• Exercise details:
Set down a true copy of the data, with all pictures left out.
----- Available records
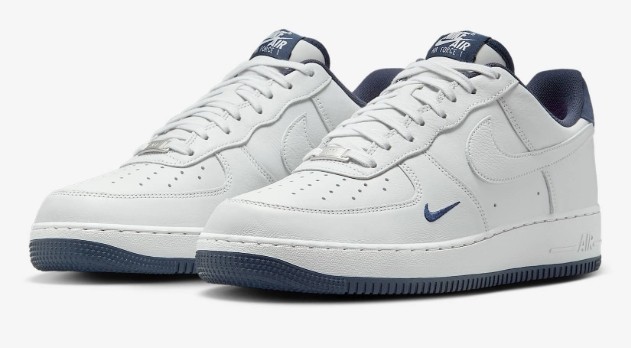 Nike Air Force 1 '07 White Navy Sz 12 HM9483 001 Fashion Shoes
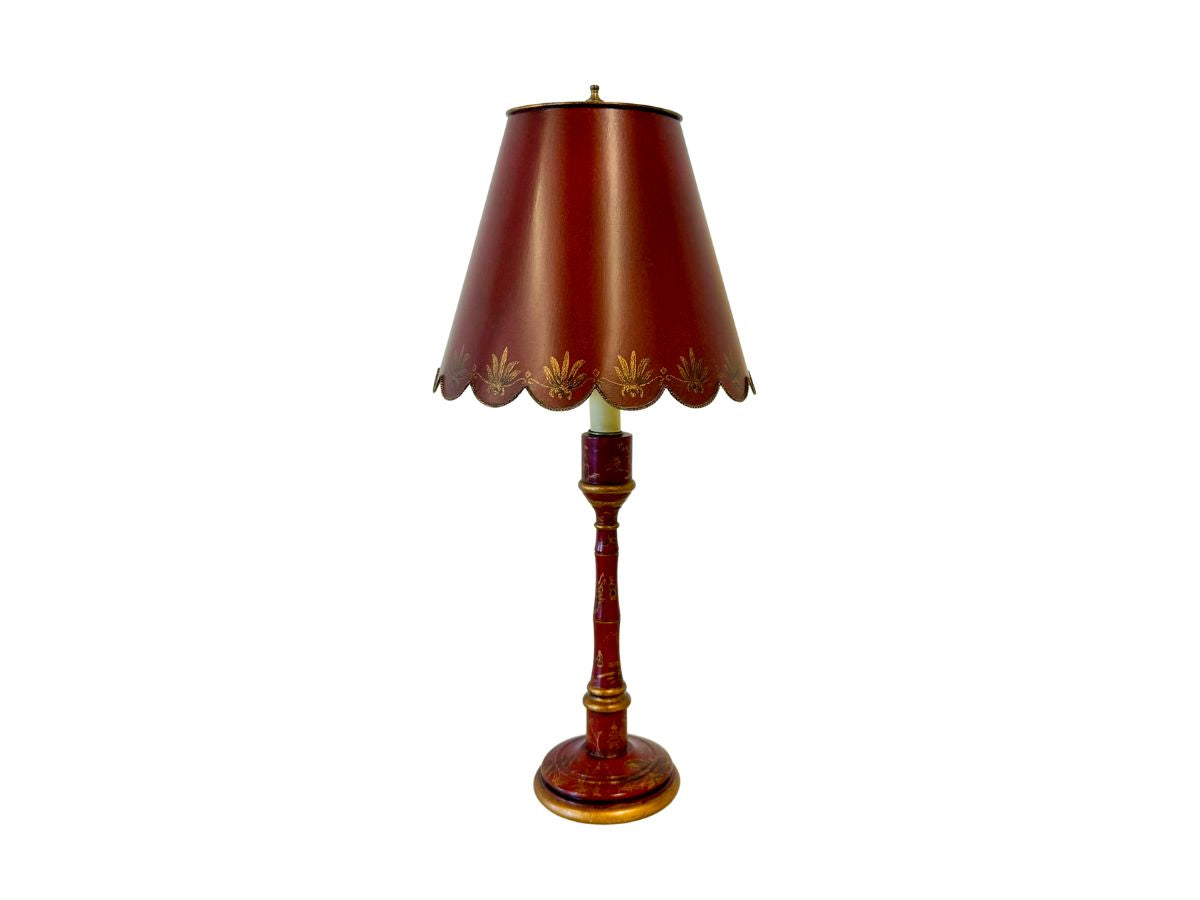Petite Red Chinoiserie Candlestick Lamp with Tole Shade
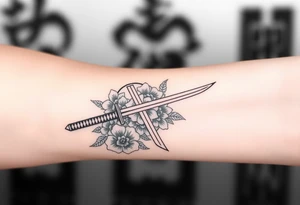 Masculine Japanese sword with flowers around it forearm tattoo idea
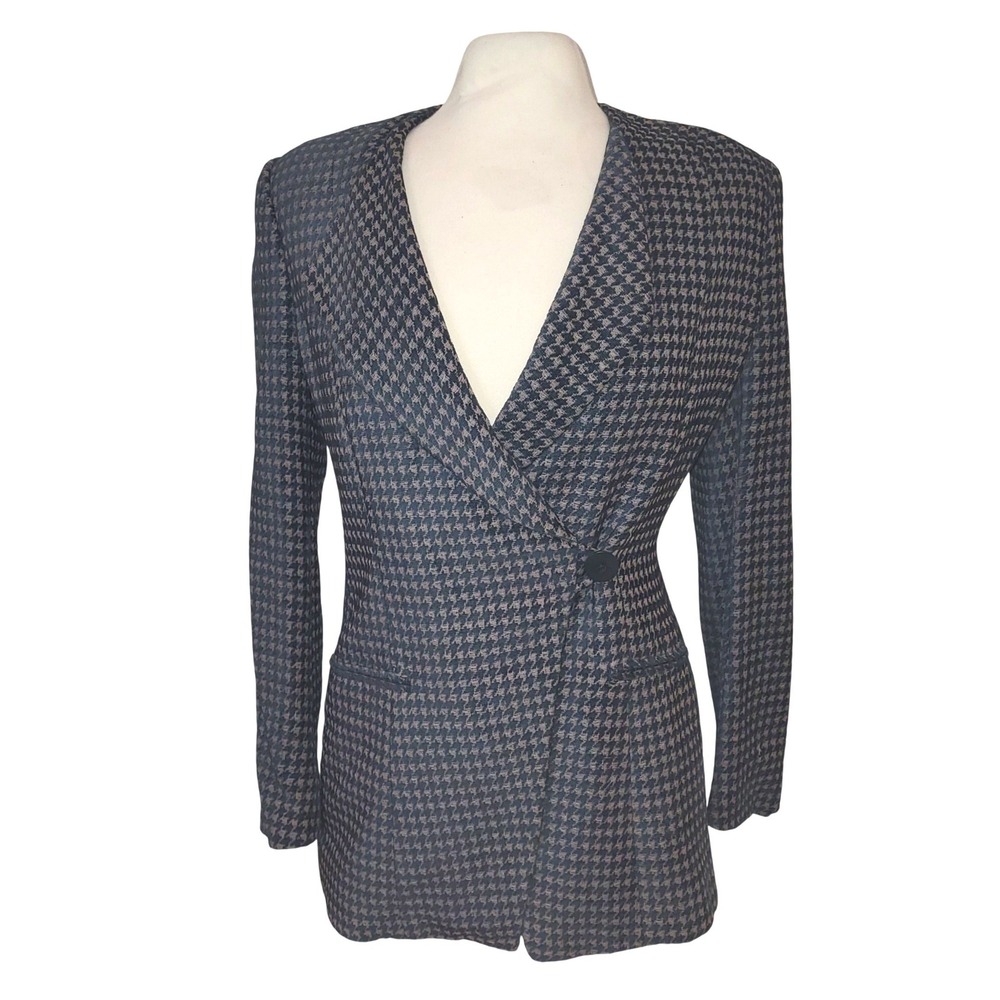 VTG Armani Collezioni Sage Forest Green Velvet Houndstooth Academia Blazer 40 6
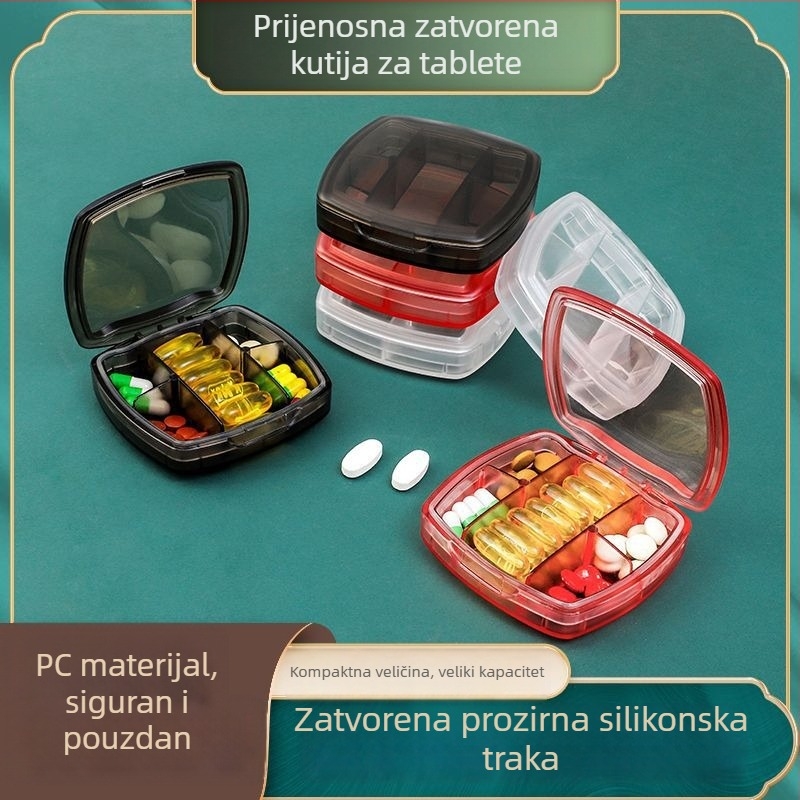 Prijenosna kutija za tablete s odjeljcima, mala plastična kutija za lijekove za tjedan dana putovanja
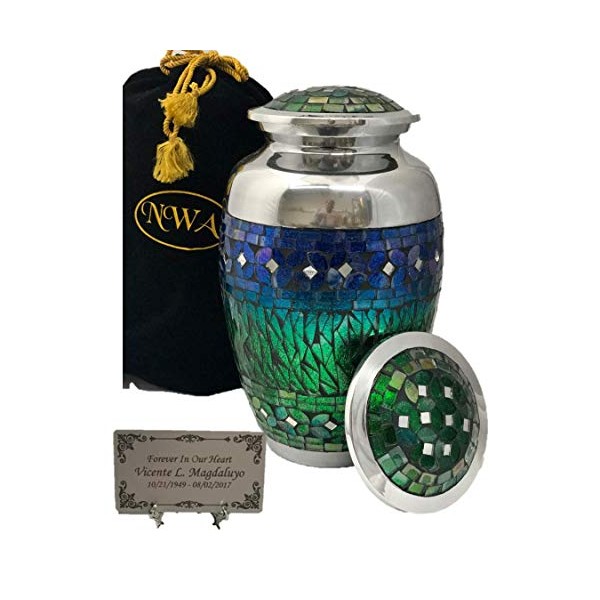 NWA Customized Large Blue Mosaic Cremation Urn with Bag for Human Ashes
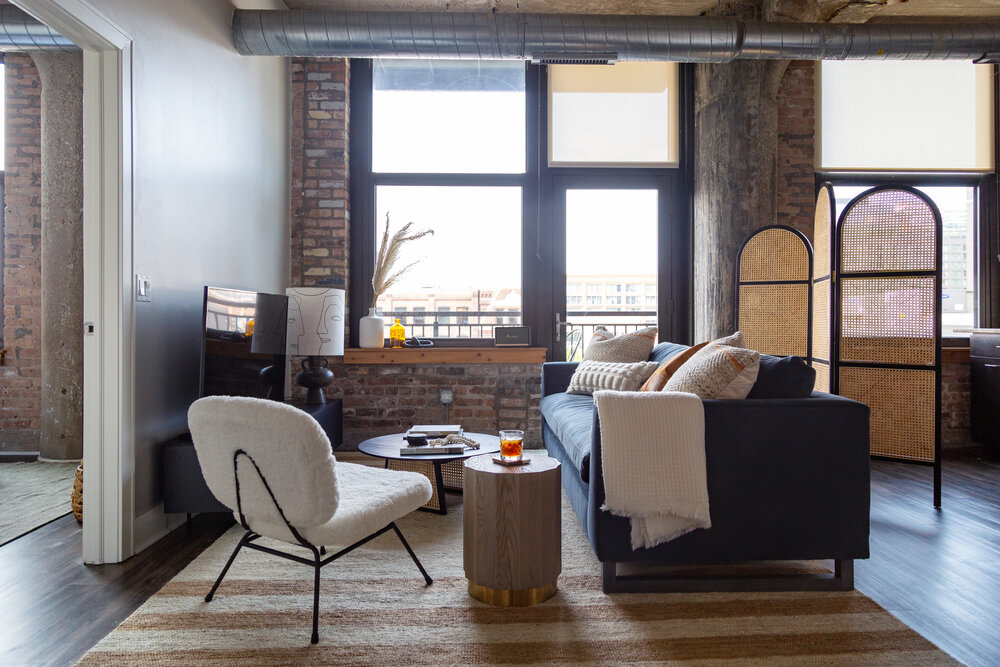 *Shamelessly throwing in one my own designs in the mix.* This Chicago industrial loft has an open kitchen right next to the living area so the room was risking feeling a bit cluttered. This screen really helped create a more intimate living space and also fill in the height of the airy loft! That’s another great thing with screens - a lot of times our furniture are all the same low level, so a screen just adds a bit more dimension and frames the space. Like a hug. Kind of.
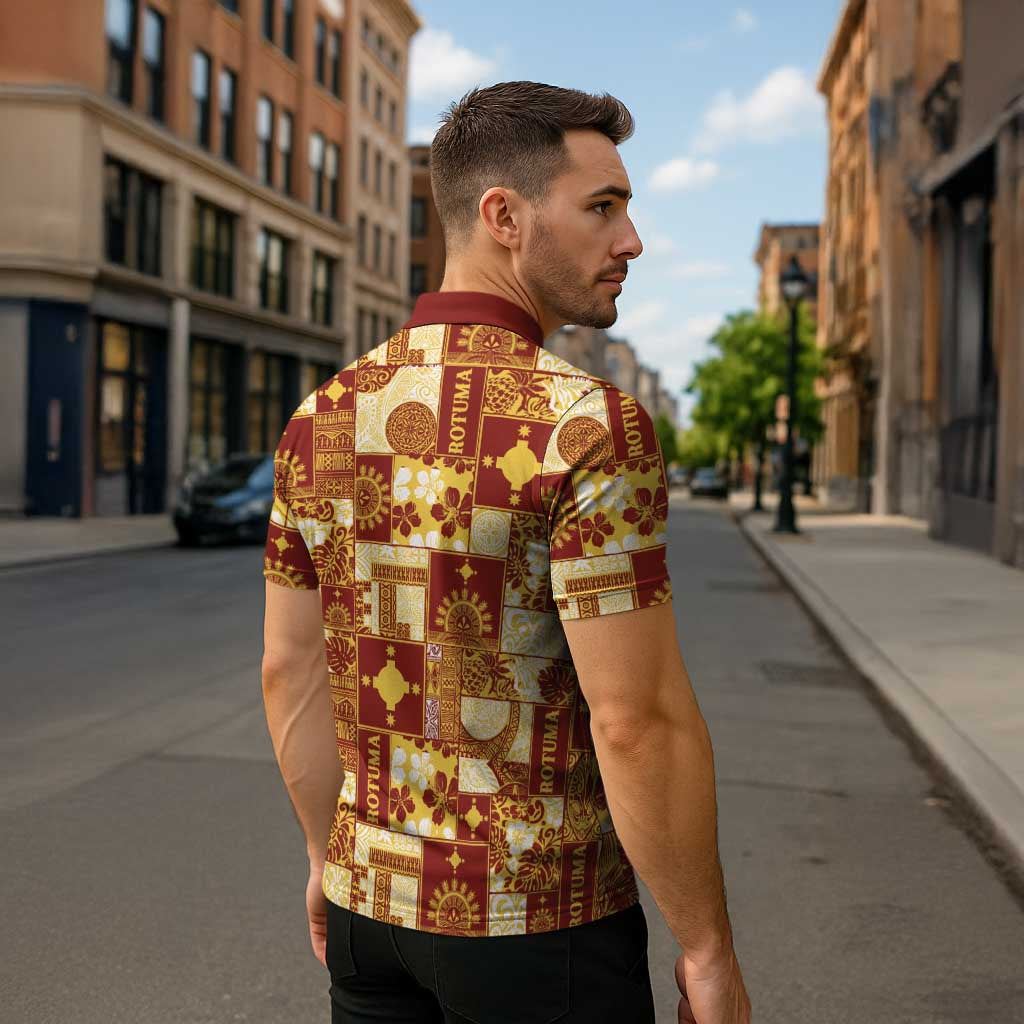 Rotuma Faiakse'ea 'e Kirisimasi Zipper Polo Shirt Pacific Patchwork Xmas Vibes - Polynesian Pride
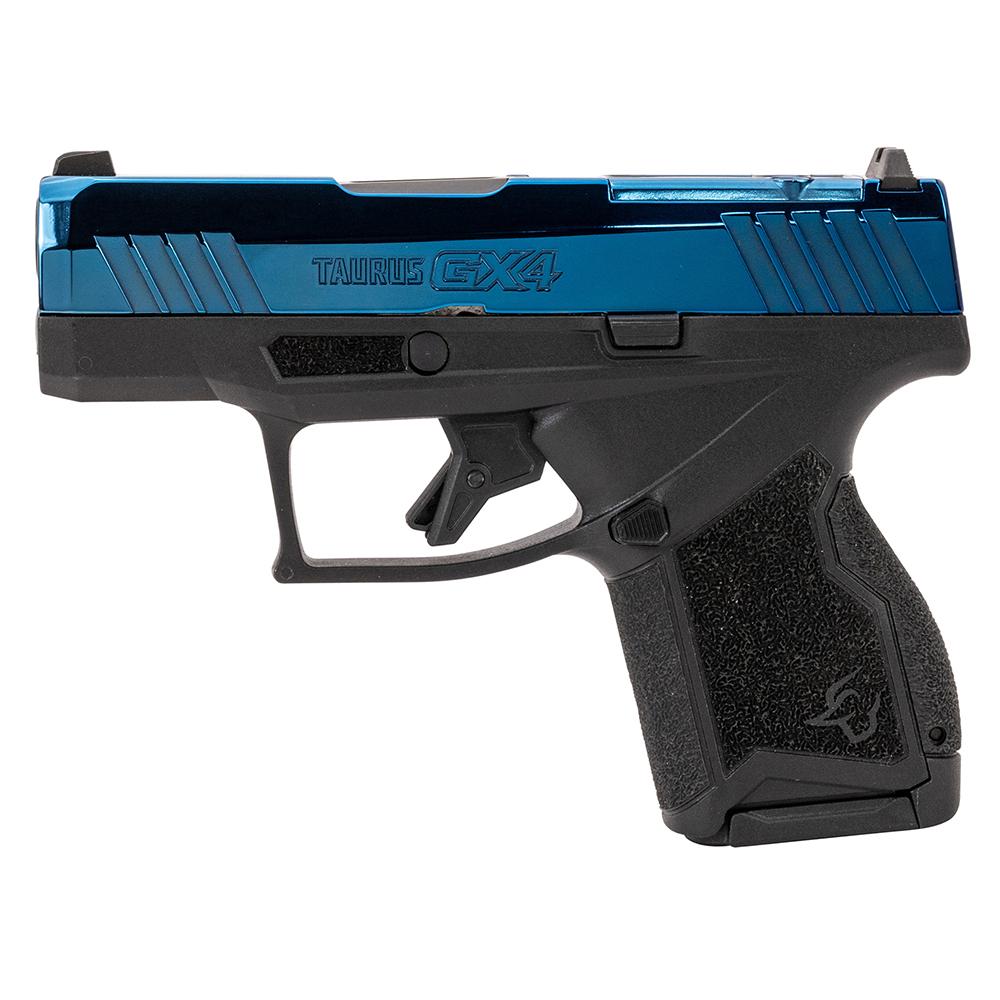 Taurus GX4 Handgun 9mm Luger 11rd (1) & 13rd (1) Magazines 3" Barrel Blue Slide and Black Picture of Taurus International Inc. TAURUS GX4 9MM BK/PVD BLUE 3.0'' 1x11 1x13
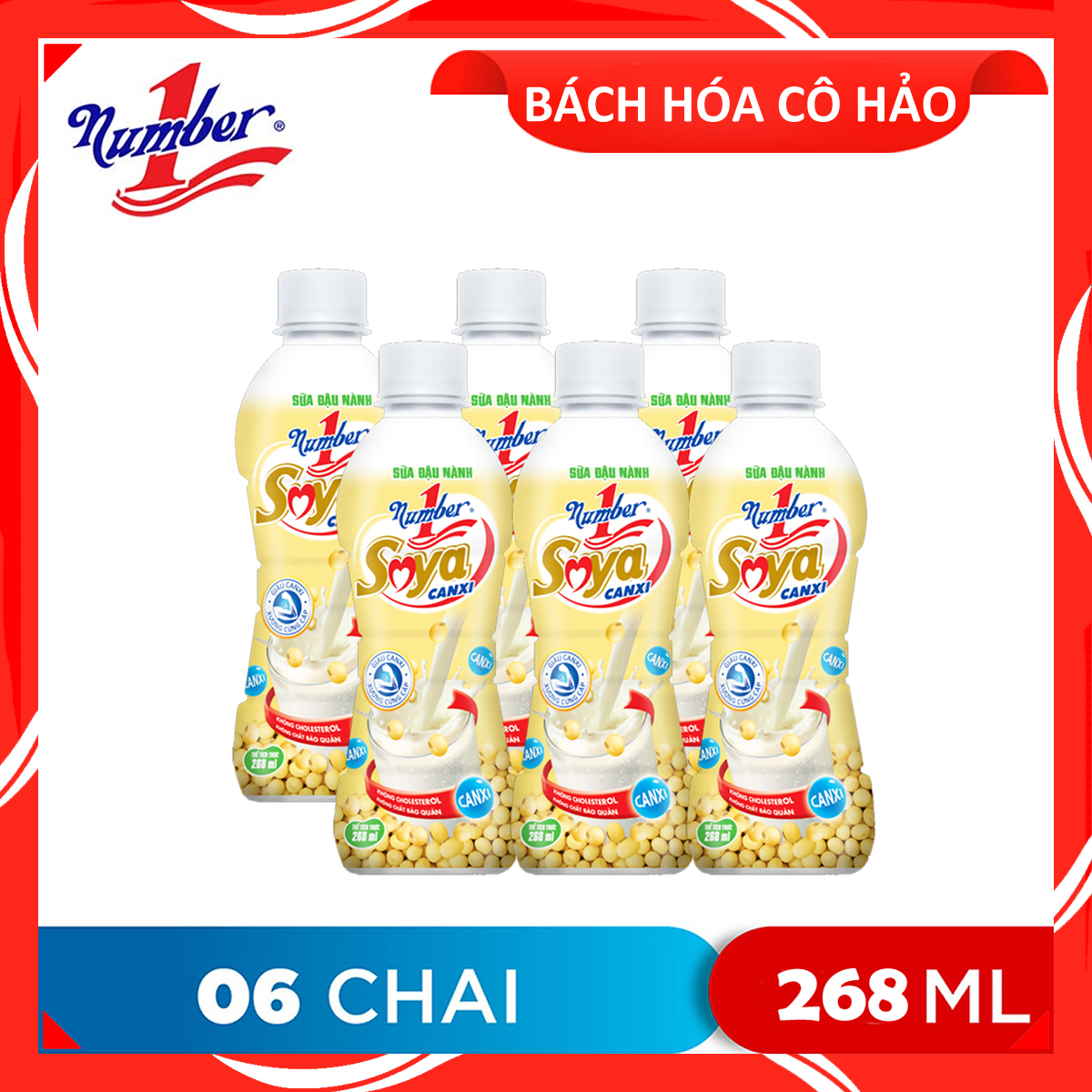 LỐC 6 CHAI SỮA ĐẬU NÀNH SOYA CANXI NUMBER 1 (268ML)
----------
• Solution to this exercise:
 Nike Air Force 1 '07 White Navy Sz 12 HM9483 001 Fashion Shoes
Petite Red Chinoiserie Candlestick Lamp with Tole Shade
 Masculine Japanese sword with flowers around it forearm tattoo idea
 VTG Armani Collezioni Sage Forest Green Velvet Houndstooth Academia Blazer 40 6
 Prijenosna kutija za tablete s odjeljcima, mala plastična kutija za lijekove za tjedan dana putovanja
 NWA Customized Large Blue Mosaic Cremation Urn with Bag for Human Ashes
 *Shamelessly throwing in one my own designs in the mix.* This Chicago industrial loft has an open kitchen right next to the living area so the room was risking feeling a bit cluttered. This screen really helped create a more intimate living space and also fill in the height of the airy loft! That’s another great thing with screens - a lot of times our furniture are all the same low level, so a screen just adds a bit more dimension and frames the space. Like a hug. Kind of.
 Rotuma Faiakse'ea 'e Kirisimasi Zipper Polo Shirt Pacific Patchwork Xmas Vibes - Polynesian Pride
 Taurus GX4 Handgun 9mm Luger 11rd (1) & 13rd (1) Magazines 3" Barrel Blue Slide and Black Picture of Taurus International Inc. TAURUS GX4 9MM BK/PVD BLUE 3.0'' 1x11 1x13
 LỐC 6 CHAI SỮA ĐẬU NÀNH SOYA CANXI NUMBER 1 (268ML)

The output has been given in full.